----- Supplied data -----

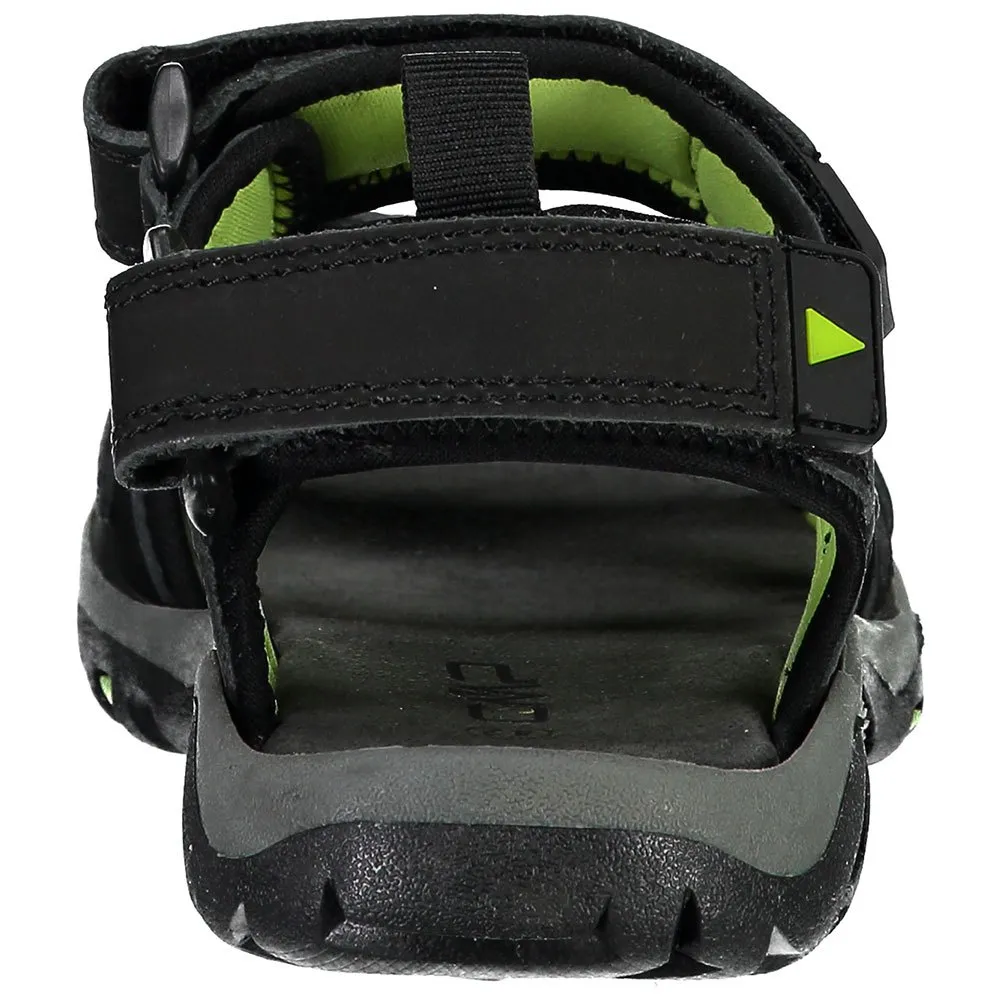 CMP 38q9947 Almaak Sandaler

-----
----- Supplied data -----

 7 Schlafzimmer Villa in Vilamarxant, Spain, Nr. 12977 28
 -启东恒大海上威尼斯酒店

-----
----- Supplied data -----

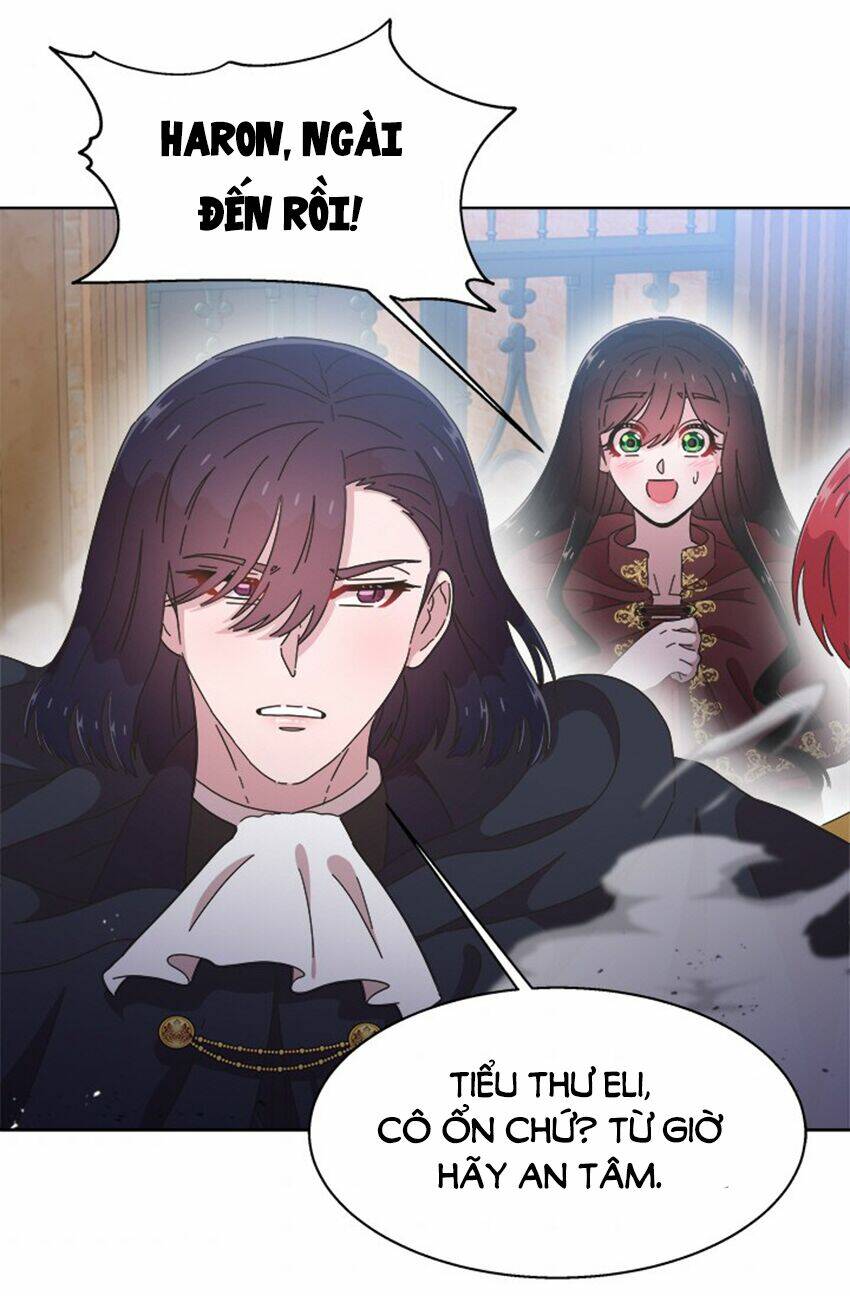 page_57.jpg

-----

## How to complete this task:
Give again, word for word, every line of the listing above from the one with "7 Schlafzimmer Villa" to the one with "-启东恒大海上威尼斯酒店", both inclusive, and nothing beyond them.

## Worked solution:
 7 Schlafzimmer Villa in Vilamarxant, Spain, Nr. 12977 28
 -启东恒大海上威尼斯酒店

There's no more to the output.